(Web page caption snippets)
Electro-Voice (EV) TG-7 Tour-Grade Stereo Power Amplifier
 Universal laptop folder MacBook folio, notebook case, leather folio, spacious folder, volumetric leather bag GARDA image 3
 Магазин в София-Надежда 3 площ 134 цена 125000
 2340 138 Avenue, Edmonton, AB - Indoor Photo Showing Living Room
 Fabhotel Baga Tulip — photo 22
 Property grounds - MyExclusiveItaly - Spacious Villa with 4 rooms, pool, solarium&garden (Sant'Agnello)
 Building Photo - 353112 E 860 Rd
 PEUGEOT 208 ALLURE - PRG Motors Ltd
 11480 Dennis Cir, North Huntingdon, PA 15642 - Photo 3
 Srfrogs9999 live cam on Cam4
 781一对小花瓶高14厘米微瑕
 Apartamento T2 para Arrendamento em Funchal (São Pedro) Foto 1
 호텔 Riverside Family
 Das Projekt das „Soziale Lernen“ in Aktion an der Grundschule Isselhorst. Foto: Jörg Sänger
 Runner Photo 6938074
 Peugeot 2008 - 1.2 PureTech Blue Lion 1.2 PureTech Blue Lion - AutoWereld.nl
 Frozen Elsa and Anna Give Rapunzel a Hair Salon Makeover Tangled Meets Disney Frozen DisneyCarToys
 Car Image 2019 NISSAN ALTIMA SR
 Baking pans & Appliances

__Try it__:
From the first line of the data through the line with "Магазин в София-Надежда", quote each line exactly and add nothing else.

__Exercise result__:
Electro-Voice (EV) TG-7 Tour-Grade Stereo Power Amplifier
 Universal laptop folder MacBook folio, notebook case, leather folio, spacious folder, volumetric leather bag GARDA image 3
 Магазин в София-Надежда 3 площ 134 цена 125000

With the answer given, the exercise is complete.